Data entries
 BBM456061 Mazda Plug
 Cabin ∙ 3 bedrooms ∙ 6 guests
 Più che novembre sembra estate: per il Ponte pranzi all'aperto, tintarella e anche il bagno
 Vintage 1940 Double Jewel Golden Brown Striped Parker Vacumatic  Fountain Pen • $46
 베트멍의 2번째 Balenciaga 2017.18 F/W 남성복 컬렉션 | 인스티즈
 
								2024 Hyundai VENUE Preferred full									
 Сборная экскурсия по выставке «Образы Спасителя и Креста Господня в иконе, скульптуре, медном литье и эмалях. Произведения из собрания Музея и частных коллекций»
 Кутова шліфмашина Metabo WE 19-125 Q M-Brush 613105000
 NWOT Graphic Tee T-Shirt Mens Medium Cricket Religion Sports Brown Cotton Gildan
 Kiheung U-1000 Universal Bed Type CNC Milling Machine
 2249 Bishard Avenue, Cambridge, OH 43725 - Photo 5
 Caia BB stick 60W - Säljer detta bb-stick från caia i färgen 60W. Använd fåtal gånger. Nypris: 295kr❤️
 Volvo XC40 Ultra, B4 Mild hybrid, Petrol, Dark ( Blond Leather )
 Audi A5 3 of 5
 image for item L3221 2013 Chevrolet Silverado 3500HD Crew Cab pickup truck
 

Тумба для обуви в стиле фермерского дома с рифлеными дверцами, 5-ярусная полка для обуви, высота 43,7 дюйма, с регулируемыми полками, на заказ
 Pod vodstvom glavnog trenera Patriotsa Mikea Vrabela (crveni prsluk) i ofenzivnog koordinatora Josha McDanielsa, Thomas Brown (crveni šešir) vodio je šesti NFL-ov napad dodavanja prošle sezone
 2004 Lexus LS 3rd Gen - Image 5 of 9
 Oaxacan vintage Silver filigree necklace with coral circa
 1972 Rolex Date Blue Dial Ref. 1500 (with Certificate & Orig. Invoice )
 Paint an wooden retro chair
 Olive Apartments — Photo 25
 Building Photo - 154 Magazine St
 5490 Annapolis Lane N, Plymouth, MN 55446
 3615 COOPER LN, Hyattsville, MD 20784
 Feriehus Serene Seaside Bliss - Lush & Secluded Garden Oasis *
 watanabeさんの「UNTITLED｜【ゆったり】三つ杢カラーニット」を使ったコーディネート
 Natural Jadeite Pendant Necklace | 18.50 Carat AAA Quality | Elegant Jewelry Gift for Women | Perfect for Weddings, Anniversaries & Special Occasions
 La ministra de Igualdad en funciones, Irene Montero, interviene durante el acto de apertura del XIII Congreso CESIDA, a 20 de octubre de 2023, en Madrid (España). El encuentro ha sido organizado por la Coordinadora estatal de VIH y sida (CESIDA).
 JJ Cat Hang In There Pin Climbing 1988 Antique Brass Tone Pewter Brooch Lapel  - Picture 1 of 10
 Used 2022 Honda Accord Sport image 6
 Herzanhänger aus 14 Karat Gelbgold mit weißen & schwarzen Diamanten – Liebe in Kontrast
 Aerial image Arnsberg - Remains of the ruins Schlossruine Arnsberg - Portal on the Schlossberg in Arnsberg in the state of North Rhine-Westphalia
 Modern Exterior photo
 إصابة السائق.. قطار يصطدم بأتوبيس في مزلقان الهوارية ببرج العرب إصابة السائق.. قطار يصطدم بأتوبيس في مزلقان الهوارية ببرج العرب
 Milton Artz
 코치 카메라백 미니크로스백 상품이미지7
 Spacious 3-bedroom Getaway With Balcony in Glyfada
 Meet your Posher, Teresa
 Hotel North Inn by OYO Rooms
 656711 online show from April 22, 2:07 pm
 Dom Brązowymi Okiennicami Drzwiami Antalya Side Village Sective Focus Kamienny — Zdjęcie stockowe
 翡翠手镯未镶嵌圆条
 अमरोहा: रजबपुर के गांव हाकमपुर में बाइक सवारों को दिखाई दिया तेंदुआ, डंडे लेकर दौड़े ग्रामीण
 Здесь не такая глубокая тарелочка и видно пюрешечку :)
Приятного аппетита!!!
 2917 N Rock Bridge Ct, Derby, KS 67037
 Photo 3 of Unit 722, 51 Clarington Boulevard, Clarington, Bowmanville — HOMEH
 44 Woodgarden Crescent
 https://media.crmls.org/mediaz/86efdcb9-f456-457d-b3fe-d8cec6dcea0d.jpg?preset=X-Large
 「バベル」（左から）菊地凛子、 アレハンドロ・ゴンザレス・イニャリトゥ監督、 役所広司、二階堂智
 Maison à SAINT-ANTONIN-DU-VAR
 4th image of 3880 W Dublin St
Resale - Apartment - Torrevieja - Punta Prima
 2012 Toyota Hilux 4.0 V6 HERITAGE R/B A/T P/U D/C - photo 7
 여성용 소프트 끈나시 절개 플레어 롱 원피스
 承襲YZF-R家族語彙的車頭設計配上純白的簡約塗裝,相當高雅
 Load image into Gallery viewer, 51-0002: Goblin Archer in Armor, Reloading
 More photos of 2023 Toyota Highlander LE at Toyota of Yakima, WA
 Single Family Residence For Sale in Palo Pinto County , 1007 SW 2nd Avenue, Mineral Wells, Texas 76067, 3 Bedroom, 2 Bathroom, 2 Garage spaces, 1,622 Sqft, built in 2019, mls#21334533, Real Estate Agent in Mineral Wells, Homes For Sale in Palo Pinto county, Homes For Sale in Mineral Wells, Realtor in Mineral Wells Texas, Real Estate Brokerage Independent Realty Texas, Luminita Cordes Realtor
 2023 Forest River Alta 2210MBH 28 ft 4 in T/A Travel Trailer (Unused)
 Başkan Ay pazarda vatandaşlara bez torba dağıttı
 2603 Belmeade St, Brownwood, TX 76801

Prompt -> Copy out each entry exactly, leaving nothing out.

Result below ->
 BBM456061 Mazda Plug
 Cabin ∙ 3 bedrooms ∙ 6 guests
 Più che novembre sembra estate: per il Ponte pranzi all'aperto, tintarella e anche il bagno
 Vintage 1940 Double Jewel Golden Brown Striped Parker Vacumatic  Fountain Pen • $46
 베트멍의 2번째 Balenciaga 2017.18 F/W 남성복 컬렉션 | 인스티즈
 
								2024 Hyundai VENUE Preferred full									
 Сборная экскурсия по выставке «Образы Спасителя и Креста Господня в иконе, скульптуре, медном литье и эмалях. Произведения из собрания Музея и частных коллекций»
 Кутова шліфмашина Metabo WE 19-125 Q M-Brush 613105000
 NWOT Graphic Tee T-Shirt Mens Medium Cricket Religion Sports Brown Cotton Gildan
 Kiheung U-1000 Universal Bed Type CNC Milling Machine
 2249 Bishard Avenue, Cambridge, OH 43725 - Photo 5
 Caia BB stick 60W - Säljer detta bb-stick från caia i färgen 60W. Använd fåtal gånger. Nypris: 295kr❤️
 Volvo XC40 Ultra, B4 Mild hybrid, Petrol, Dark ( Blond Leather )
 Audi A5 3 of 5
 image for item L3221 2013 Chevrolet Silverado 3500HD Crew Cab pickup truck
 

Тумба для обуви в стиле фермерского дома с рифлеными дверцами, 5-ярусная полка для обуви, высота 43,7 дюйма, с регулируемыми полками, на заказ
 Pod vodstvom glavnog trenera Patriotsa Mikea Vrabela (crveni prsluk) i ofenzivnog koordinatora Josha McDanielsa, Thomas Brown (crveni šešir) vodio je šesti NFL-ov napad dodavanja prošle sezone
 2004 Lexus LS 3rd Gen - Image 5 of 9
 Oaxacan vintage Silver filigree necklace with coral circa
 1972 Rolex Date Blue Dial Ref. 1500 (with Certificate & Orig. Invoice )
 Paint an wooden retro chair
 Olive Apartments — Photo 25
 Building Photo - 154 Magazine St
 5490 Annapolis Lane N, Plymouth, MN 55446
 3615 COOPER LN, Hyattsville, MD 20784
 Feriehus Serene Seaside Bliss - Lush & Secluded Garden Oasis *
 watanabeさんの「UNTITLED｜【ゆったり】三つ杢カラーニット」を使ったコーディネート
 Natural Jadeite Pendant Necklace | 18.50 Carat AAA Quality | Elegant Jewelry Gift for Women | Perfect for Weddings, Anniversaries & Special Occasions
 La ministra de Igualdad en funciones, Irene Montero, interviene durante el acto de apertura del XIII Congreso CESIDA, a 20 de octubre de 2023, en Madrid (España). El encuentro ha sido organizado por la Coordinadora estatal de VIH y sida (CESIDA).
 JJ Cat Hang In There Pin Climbing 1988 Antique Brass Tone Pewter Brooch Lapel  - Picture 1 of 10
 Used 2022 Honda Accord Sport image 6
 Herzanhänger aus 14 Karat Gelbgold mit weißen & schwarzen Diamanten – Liebe in Kontrast
 Aerial image Arnsberg - Remains of the ruins Schlossruine Arnsberg - Portal on the Schlossberg in Arnsberg in the state of North Rhine-Westphalia
 Modern Exterior photo
 إصابة السائق.. قطار يصطدم بأتوبيس في مزلقان الهوارية ببرج العرب إصابة السائق.. قطار يصطدم بأتوبيس في مزلقان الهوارية ببرج العرب
 Milton Artz
 코치 카메라백 미니크로스백 상품이미지7
 Spacious 3-bedroom Getaway With Balcony in Glyfada
 Meet your Posher, Teresa
 Hotel North Inn by OYO Rooms
 656711 online show from April 22, 2:07 pm
 Dom Brązowymi Okiennicami Drzwiami Antalya Side Village Sective Focus Kamienny — Zdjęcie stockowe
 翡翠手镯未镶嵌圆条
 अमरोहा: रजबपुर के गांव हाकमपुर में बाइक सवारों को दिखाई दिया तेंदुआ, डंडे लेकर दौड़े ग्रामीण
 Здесь не такая глубокая тарелочка и видно пюрешечку :)
Приятного аппетита!!!
 2917 N Rock Bridge Ct, Derby, KS 67037
 Photo 3 of Unit 722, 51 Clarington Boulevard, Clarington, Bowmanville — HOMEH
 44 Woodgarden Crescent
 https://media.crmls.org/mediaz/86efdcb9-f456-457d-b3fe-d8cec6dcea0d.jpg?preset=X-Large
 「バベル」（左から）菊地凛子、 アレハンドロ・ゴンザレス・イニャリトゥ監督、 役所広司、二階堂智
 Maison à SAINT-ANTONIN-DU-VAR
 4th image of 3880 W Dublin St
Resale - Apartment - Torrevieja - Punta Prima
 2012 Toyota Hilux 4.0 V6 HERITAGE R/B A/T P/U D/C - photo 7
 여성용 소프트 끈나시 절개 플레어 롱 원피스
 承襲YZF-R家族語彙的車頭設計配上純白的簡約塗裝,相當高雅
 Load image into Gallery viewer, 51-0002: Goblin Archer in Armor, Reloading
 More photos of 2023 Toyota Highlander LE at Toyota of Yakima, WA
 Single Family Residence For Sale in Palo Pinto County , 1007 SW 2nd Avenue, Mineral Wells, Texas 76067, 3 Bedroom, 2 Bathroom, 2 Garage spaces, 1,622 Sqft, built in 2019, mls#21334533, Real Estate Agent in Mineral Wells, Homes For Sale in Palo Pinto county, Homes For Sale in Mineral Wells, Realtor in Mineral Wells Texas, Real Estate Brokerage Independent Realty Texas, Luminita Cordes Realtor
 2023 Forest River Alta 2210MBH 28 ft 4 in T/A Travel Trailer (Unused)
 Başkan Ay pazarda vatandaşlara bez torba dağıttı
 2603 Belmeade St, Brownwood, TX 76801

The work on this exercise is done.